Taking up a secret identity of sorts as Alias the Jester, he gains employment at the court and befriends the bumbling court wizard Meredith. When the situation calls for it, Alias instantly changes back into his red uniform, which enables him to fly, and a degree of super strength, which he can use to face the various villains of the show. Each episode inevitably ends with Arthur firing Alias and Meredith (exception being the initial episode in which Arthur proclaims "you're hired").

==Characters==
Alias the Jester – A "time traveller bold" as said in the title track.
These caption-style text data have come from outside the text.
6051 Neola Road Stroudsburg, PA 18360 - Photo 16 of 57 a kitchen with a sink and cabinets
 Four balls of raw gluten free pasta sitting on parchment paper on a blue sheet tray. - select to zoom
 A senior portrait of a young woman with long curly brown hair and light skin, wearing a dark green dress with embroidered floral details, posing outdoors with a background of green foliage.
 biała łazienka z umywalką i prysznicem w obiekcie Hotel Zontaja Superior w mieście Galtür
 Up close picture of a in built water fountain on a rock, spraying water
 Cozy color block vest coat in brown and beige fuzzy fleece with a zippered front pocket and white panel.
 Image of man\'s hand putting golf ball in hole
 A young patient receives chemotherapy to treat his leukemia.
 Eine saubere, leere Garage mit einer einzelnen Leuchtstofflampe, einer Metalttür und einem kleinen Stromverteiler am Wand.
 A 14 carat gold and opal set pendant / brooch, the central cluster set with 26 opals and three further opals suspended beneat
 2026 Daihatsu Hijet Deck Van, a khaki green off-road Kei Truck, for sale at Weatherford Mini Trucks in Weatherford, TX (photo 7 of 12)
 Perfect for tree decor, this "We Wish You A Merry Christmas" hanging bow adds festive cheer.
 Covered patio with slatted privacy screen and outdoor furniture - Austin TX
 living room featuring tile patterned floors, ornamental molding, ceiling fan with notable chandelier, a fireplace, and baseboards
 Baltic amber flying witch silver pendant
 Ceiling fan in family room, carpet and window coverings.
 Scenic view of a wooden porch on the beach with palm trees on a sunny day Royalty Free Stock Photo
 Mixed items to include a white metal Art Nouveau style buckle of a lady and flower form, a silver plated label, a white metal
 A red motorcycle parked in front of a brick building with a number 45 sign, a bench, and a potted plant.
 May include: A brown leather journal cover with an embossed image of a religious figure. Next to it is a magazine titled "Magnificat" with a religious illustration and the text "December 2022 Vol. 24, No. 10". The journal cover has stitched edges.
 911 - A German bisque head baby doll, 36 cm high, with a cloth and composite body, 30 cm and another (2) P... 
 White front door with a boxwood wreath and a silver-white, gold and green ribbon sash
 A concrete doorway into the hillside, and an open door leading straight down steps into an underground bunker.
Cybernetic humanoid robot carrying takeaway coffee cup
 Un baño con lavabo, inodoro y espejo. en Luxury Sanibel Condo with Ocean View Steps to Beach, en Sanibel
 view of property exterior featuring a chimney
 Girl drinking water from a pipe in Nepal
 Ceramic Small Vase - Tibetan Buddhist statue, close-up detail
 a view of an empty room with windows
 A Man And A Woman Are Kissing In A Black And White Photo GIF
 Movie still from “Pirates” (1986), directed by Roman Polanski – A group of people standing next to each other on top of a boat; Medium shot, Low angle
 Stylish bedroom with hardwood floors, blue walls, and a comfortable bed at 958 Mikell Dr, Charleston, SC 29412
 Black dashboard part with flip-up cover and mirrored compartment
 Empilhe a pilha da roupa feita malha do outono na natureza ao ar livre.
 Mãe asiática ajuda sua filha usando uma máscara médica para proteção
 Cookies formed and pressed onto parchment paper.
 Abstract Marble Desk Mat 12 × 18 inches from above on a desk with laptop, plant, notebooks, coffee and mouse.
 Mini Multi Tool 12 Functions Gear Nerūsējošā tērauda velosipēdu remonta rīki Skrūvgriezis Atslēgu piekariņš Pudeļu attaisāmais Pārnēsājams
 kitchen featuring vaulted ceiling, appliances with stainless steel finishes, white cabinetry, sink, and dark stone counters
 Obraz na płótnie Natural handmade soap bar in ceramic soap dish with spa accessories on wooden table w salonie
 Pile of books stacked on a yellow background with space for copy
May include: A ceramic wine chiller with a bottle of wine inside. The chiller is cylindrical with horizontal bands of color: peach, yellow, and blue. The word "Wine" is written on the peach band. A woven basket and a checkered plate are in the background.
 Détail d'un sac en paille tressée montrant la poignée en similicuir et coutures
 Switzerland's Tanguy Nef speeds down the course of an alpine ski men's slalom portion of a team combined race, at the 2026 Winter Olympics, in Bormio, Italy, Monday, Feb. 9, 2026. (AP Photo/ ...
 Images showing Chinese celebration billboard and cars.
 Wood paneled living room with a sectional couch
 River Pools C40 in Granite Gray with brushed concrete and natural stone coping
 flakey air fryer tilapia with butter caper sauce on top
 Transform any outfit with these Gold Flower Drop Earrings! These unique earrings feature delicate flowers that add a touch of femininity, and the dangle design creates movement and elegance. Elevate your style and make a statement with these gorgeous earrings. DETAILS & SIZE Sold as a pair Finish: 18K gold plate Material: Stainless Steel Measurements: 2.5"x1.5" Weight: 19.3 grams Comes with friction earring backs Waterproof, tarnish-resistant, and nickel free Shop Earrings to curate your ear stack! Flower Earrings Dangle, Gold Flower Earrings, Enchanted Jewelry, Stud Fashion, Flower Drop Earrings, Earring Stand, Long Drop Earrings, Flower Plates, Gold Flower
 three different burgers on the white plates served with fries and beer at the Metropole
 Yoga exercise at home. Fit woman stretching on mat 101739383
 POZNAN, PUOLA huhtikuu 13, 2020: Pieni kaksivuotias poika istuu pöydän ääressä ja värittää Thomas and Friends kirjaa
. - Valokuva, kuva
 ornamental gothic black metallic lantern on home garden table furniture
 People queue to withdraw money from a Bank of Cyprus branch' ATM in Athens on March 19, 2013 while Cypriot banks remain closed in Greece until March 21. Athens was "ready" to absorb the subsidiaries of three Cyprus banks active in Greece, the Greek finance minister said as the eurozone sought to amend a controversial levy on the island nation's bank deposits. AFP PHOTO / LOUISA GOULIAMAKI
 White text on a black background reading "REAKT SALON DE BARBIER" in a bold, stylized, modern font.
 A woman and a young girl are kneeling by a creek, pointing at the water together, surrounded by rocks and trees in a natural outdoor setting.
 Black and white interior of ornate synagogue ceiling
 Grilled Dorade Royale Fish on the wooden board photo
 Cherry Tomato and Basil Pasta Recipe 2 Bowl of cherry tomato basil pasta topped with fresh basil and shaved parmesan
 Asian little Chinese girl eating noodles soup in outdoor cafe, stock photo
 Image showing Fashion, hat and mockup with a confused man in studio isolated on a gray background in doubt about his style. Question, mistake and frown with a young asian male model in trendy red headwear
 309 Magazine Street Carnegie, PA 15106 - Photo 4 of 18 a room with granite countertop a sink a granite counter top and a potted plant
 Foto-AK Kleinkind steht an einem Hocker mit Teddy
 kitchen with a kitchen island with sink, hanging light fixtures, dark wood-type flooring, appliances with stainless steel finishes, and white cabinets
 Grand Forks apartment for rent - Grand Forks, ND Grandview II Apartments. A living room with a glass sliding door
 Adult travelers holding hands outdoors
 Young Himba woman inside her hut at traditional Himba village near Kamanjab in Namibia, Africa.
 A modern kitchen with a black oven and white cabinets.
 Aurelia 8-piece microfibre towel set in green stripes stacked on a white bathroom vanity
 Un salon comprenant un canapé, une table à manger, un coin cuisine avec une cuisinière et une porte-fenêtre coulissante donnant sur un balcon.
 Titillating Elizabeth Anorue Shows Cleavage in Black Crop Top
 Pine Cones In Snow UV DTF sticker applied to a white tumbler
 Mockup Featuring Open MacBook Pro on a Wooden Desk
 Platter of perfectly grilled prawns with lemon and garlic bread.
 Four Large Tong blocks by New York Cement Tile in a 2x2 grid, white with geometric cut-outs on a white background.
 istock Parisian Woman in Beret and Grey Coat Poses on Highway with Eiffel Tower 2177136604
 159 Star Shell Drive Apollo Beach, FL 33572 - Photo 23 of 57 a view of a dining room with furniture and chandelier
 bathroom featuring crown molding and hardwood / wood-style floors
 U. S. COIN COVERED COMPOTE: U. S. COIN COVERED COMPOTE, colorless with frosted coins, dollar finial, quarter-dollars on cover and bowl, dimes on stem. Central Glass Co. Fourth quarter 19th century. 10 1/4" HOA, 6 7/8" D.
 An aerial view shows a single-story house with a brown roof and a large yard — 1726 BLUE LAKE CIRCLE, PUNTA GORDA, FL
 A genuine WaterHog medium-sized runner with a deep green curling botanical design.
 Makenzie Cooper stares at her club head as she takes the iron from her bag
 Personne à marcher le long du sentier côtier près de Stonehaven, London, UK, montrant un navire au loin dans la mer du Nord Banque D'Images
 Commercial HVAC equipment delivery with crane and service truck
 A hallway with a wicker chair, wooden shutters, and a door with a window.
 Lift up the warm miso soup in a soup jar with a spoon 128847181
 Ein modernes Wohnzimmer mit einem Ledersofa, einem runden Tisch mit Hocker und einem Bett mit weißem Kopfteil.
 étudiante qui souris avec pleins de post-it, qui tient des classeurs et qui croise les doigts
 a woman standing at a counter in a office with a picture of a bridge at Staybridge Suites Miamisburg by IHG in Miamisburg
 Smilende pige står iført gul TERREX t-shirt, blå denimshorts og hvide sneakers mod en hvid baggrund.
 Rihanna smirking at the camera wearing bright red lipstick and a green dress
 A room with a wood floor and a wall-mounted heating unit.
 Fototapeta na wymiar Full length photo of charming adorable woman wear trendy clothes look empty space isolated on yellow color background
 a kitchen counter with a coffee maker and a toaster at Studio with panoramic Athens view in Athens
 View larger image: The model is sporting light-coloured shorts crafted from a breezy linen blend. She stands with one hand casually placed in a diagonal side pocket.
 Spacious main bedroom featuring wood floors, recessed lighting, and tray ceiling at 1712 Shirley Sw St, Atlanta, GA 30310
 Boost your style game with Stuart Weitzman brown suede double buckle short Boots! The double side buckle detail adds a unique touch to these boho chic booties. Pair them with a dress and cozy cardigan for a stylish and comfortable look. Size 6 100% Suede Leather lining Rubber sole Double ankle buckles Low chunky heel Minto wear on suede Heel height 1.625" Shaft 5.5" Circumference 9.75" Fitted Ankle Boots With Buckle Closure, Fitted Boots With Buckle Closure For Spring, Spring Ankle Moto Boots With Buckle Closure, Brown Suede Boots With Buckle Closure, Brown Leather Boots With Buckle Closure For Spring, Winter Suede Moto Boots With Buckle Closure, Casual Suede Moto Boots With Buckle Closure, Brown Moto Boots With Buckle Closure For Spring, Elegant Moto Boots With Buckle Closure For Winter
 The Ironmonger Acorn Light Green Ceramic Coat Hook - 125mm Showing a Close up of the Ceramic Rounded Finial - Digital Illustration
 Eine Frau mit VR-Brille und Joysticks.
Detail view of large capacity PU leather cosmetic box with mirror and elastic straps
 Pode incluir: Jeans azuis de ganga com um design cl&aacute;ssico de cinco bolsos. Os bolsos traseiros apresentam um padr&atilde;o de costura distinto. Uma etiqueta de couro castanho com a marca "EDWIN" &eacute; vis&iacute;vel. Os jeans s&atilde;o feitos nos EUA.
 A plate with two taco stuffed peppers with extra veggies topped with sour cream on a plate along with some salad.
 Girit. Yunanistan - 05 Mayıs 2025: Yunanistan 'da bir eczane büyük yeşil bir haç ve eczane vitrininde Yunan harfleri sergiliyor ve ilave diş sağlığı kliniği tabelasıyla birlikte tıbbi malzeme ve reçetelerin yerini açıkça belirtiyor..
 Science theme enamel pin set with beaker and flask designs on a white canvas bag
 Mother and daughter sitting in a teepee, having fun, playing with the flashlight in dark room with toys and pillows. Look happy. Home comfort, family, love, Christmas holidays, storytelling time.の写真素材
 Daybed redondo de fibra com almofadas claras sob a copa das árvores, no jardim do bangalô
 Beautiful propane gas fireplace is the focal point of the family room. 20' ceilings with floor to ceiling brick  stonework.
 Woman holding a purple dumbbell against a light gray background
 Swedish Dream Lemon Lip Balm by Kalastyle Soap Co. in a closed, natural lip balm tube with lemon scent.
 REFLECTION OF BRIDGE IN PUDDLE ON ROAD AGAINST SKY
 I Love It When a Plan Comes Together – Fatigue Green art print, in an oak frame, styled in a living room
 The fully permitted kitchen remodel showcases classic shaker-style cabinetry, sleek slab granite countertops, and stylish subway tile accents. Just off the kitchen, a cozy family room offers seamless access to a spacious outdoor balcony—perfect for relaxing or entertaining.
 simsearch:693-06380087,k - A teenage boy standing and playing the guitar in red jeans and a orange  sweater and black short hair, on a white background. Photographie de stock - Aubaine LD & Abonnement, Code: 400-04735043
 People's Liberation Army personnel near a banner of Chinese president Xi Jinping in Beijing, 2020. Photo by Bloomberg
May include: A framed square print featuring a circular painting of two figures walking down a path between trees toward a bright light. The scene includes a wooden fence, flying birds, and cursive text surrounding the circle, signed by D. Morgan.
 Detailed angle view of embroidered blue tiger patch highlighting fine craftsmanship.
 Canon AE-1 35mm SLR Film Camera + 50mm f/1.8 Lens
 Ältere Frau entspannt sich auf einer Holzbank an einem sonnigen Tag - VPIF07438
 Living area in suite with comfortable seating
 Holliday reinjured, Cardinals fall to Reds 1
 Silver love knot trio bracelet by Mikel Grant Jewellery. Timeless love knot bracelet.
After crashing in the Middle Ages he gets a job as a jester for King Arthur. He also fights crime as the Red Knight, who the wizard Meredith believes he summoned. Alias is a stereotypical hero in many ways, possessing an urge to do what is right; however, he also has a distinct but subtle sarcastic edge, which he sometimes uses in conversation, especially with Meredith. The feathers on his head appear to be part of his head rather than his suit as they are seen moving and could be the source of his flight.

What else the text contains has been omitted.